この記事の立場についてこの記事は「合成洗剤は安全だから使って大丈夫」と言いたいのではありません。化学物質過敏症(MCS)は実在し、多くの人が苦しんでいます。ただ、正確な情報をもとに自分の身を守ることが、当事者にとって最も力になると考えています。

実験は「実在」する。でも条件が極端だった

昭和40〜50年代、合成洗剤への反対運動の中で広く紹介されたこの実験。当時の書籍(『合成洗剤恐怖の生体実験』など)にも収録されており、実在する研究です。しかし、実験の条件には以下のような問題点が指摘されています。

1毛を剃った皮膚に原液を塗り続けた

私たちはシャンプーを原液のまま肌に何日も放置しません。実際には水で薄まり、数十秒〜数分で洗い流します。この実験の条件は日常の使い方とは大きくかけ離れています。

2ネズミが自分で舐めとってしまっていた

ネズミは毛づくろい(グルーミング)のために体に塗られたものを口で舐めとります。つまりこの実験では「皮膚から吸収」だけでなく、「原液を直接大量に飲み込んだ(経口摂取)」による急性中毒の影響が強く出ていた可能性が高いと指摘されています。血を吐いたのも、胃や食道の粘膜が原液で傷ついた結果と考えられます。

3昭和の成分は現在のものと大きく異なる

当時使われていた合成界面活性剤(ABS・高濃度LASなど)は皮膚刺激が強く、環境分解性も低いものでした。現在のシャンプーや洗剤は、技術の進歩と法規制により成分が大幅に変わっています。昭和の実験結果を令和の製品にそのまま当てはめることには無理があります。

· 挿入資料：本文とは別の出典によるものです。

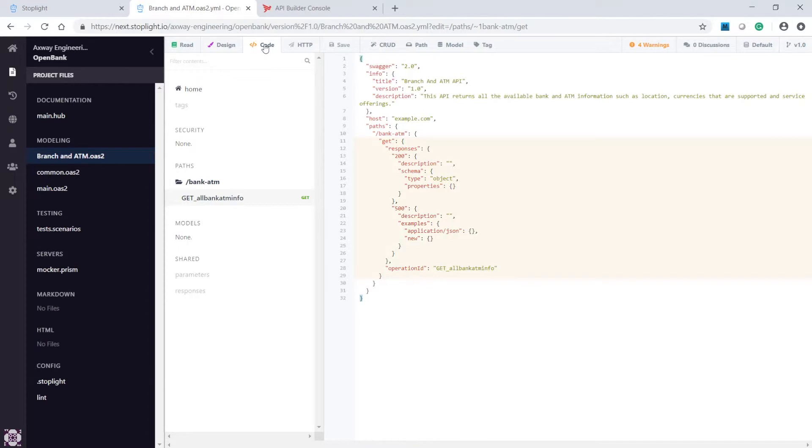This view shows the Open API spec that's generated. So, within a minute, we're able to easily create an Open API spec for the API.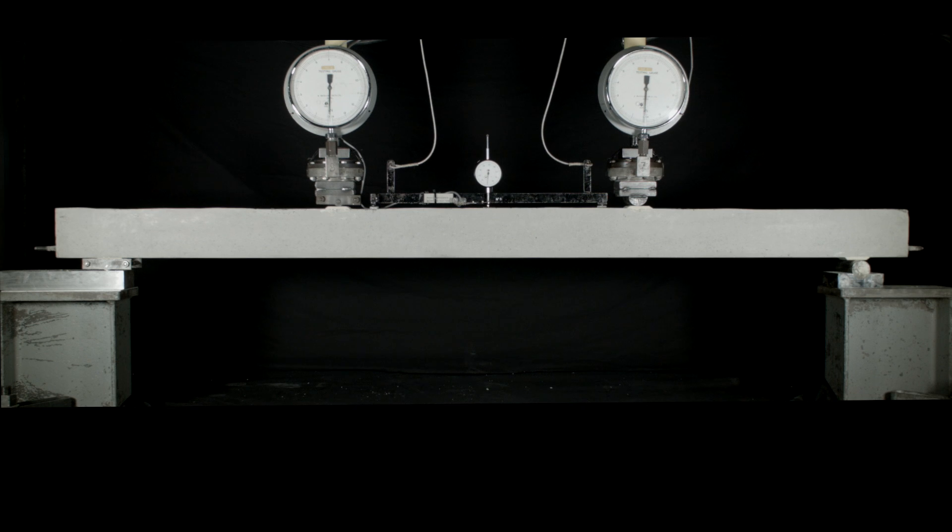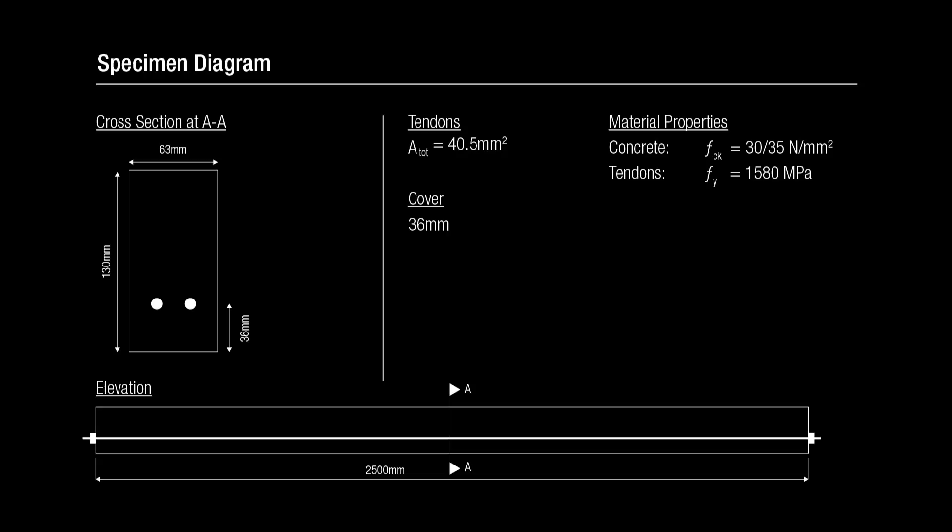This video shows a pre-stressed concrete beam being tested in bending. The specimen is made from concrete containing regular Portland cement. The pre-stress is applied using tendons which have been tensioned so that the concrete is under significant compression.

どんなに安全な物質でも、極端な量や方法で与えれば毒になります。食塩や醤油でさえ、一度に大量に摂取すれば命に関わります。この実験は「日常的な使い方での安全性」を測ったものではなく、「原液を極端な方法で与え続けた場合の限界値」を見たものです。

では「安全」なのか? MCS当事者の立場から考える

「実験が極端だった」=「今の製品は何も問題ない」ではありません。国やメーカーの言う「安全」と、MCS当事者が感じる「安全でない」の間には、大きなズレがあります。

「安全」の種類 内容
メーカー・国の基準 急性毒性・慢性毒性の試験をクリアしている。健康な成人が単体で使った場合を想定。
MCS当事者の現実 毒性は低くても、マイクロカプセルの香料が24時間空間に漂い続ける。微量でも神経系・免疫系が反応してしまう。
見落とされている視点 複数製品の「複合影響」、長年にわたる「蓄積」、体質による「個人差」は現在の安全基準では考慮されていない。
まとめ:正確な情報が、自分を守る力になる「ネズミが血を吐いた実験」は実在しますが、その条件は日常生活とは大きくかけ離れており、現在の製品にそのまま当てはまるものではありません。一方で「安全基準内だから何も問題ない」とも言い切れないのが現実です。

SNSで見かけた情報を鵜呑みにするのでも、否定するのでもなく、「どんな条件の話なのか」を確認する習慣が、MCS当事者が正確な知識で自分を守るための第一歩です。